In the Far East, there is the clear similarity between the Sumerian cuneiform writing and the scripts of China, Korea, and Japan. The similarity is not only in the script: many similar glyphs are identically pronounced and also have the same meanings. In Japan, civilization has been attributed to an enigmatic forefather-tribe called AINU. The emperor’s family has been deemed to be a line of demigods descended from the Sun-god, and the investiture ceremonies of a new king include a secret solitary nightly stay with the Sun goddess—a ritual ceremony that uncannily emulates the Sacred Marriage rites in ancient Sumer, when the new king spent a night with Inanna/Ishtar.
In the erstwhile Four Regions, the migratory waves of diverse peoples triggered by the nuclear calamity and Marduk’s New Age, much like flowing and overflowing rivers and rivulets after stormy rains, filled the pages of the ensuing centuries with the rise and fall of nations, states, and city-states. Into the Sumerian void, newcomers came in from near and far; their arena, their central stage, remained what can rightly be called the Lands of the Bible.
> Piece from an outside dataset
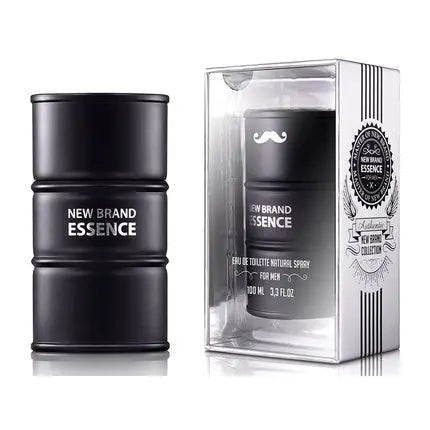 Master of New Brand Essence Black For Men Eau de Toilette 100ml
Indeed, until the advent of modern archaeology, little or nothing was known about most of them except for their mention in the Hebrew Bible; it provided not only a record of those various peoples, but also of their “national gods”—and of the wars fought in the name of those gods.
But then nations such as the Hittites, states such as Mitanni, or royal capitals such as Mari, Carchemish, or Susa, which were doubt-filled puzzles, were literally dug up by archaeology; in their ruins there were found not only telltale artifacts but also thousands of inscribed clay tablets that brought to light both their existence as well as the extent of their debt to the Sumerian legacy. Virtually everywhere, Sumerian “firsts” in sciences and technology, literature and art, kingship and priesthood were the foundation on which subsequent cultures were developed. In astronomy, Sumerian terminology, orbital formulas, planetary lists, and zodiacal concepts were retained. The Sumerian cuneiform script was kept in use for another thousand years, and then more. The Sumerian language was studied, Sumerian lexicons were compiled, and Sumerian epic tales of gods and heroes were copied and translated. And once those nations’ diverse languages were deciphered, it turned out that their gods were, after all, members of the old Anunnaki pantheon.
Did the Enlilite gods themselves accompany their followers when such replanting of Sumerian knowledge and beliefs took place in faraway lands? The data are inconclusive. But what is historically certain is that within two or three centuries of the New Age, in lands bordering Babylonia, those who were supposed to become Marduk’s retired guests embarked on an even newer kind of religious affiliations: National State Religions.
Marduk may have garnered the Fifty divine names; but it did not prevent, from then on, nation fighting nation and men killing men “in the name of God”—their god.